CRDR is a unified framework for conversational search that combines query rewriting and context modeling, enhancing accuracy and efficiency by making minimal modifications to the original query and improving contextualized query embeddings through explicit term highlighting, outperforming baseline models in experiments on TREC CAsT-19 and CAsT-20 datasets.
ConvTrans is a data augmentation method that automatically transforms web search sessions into conversational search sessions, addressing the data scarcity problem in conversational dense retrieval by eliminating gaps in session quality and query form, enabling models trained on ConvTrans-generated data to achieve comparable performance to those trained on expensive, manually-created datasets.
The MSP model refines and utilizes extensive dialogue history to enhance personalized response generation by extracting key information and leveraging data from similar users, outperforming existing methods in generating more informative and personalized responses.
This paper introduces a pre-training approach that leverages the hierarchical structure of HTML web pages and their DOM trees to enhance language models for information retrieval, demonstrating significant improvements in ranking performance over traditional pre-trained models by incorporating structured web data.
COTED is a novel framework for few-shot conversational dense retrieval that enhances context denoising through curriculum contrastive learning, progressively training the model to filter out noisy conversational turns, and demonstrating superior performance on CAsT-19 and CAsT-20 datasets compared to state-of-the-art baselines.
IMPChat is a retrieval-based personalized chatbot model that learns an implicit user profile by separately modeling the user’s personalized language style and preferences, dynamically weighting context-relevant history, and fusing these signals for response ranking, outperforming baseline models in experiments on large datasets.
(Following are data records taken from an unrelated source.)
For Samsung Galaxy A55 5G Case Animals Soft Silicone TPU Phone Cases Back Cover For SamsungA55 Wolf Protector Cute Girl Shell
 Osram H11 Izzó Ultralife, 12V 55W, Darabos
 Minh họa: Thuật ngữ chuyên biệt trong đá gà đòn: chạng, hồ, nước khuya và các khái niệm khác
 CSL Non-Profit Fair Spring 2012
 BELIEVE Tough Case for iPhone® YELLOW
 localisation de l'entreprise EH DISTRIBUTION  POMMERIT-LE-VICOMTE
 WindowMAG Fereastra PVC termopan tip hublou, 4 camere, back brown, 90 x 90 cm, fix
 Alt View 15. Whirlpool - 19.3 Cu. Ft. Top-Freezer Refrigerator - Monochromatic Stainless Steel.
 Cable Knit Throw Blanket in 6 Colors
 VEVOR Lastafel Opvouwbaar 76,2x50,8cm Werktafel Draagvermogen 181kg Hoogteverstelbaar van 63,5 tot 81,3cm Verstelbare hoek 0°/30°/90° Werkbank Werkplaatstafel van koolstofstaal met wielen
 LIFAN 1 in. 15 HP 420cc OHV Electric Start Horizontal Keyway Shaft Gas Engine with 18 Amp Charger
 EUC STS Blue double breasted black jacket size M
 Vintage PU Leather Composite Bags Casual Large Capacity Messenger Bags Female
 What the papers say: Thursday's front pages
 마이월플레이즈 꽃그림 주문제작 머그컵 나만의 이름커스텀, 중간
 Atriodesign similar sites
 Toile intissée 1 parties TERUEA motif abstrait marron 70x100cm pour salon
Pchatbot is a large-scale Chinese dialogue dataset, significantly larger than existing datasets, that has been meticulously normalized and includes anonymized user IDs and timestamps, enabling the development of personalized dialogue models that learn implicit user personality from dialogue history, with preliminary benchmarks provided for future comparisons.
The Initiative-Imitate model addresses the challenge of overly proactive dialogue agents by balancing the chatbot’s role between speaker and listener, enhancing conversational fluency and engagement through adaptive initiative, and showing competitive results in both automatic and manual evaluations.
This patent proposes a semantic parsing method that combines rules and learning-based approaches.
MemoRAG is a next-generation retrieval-augmented generation system with long-term memory, enabling superior context-aware information retrieval and enhanced performance on complex tasks where traditional RAG systems struggle.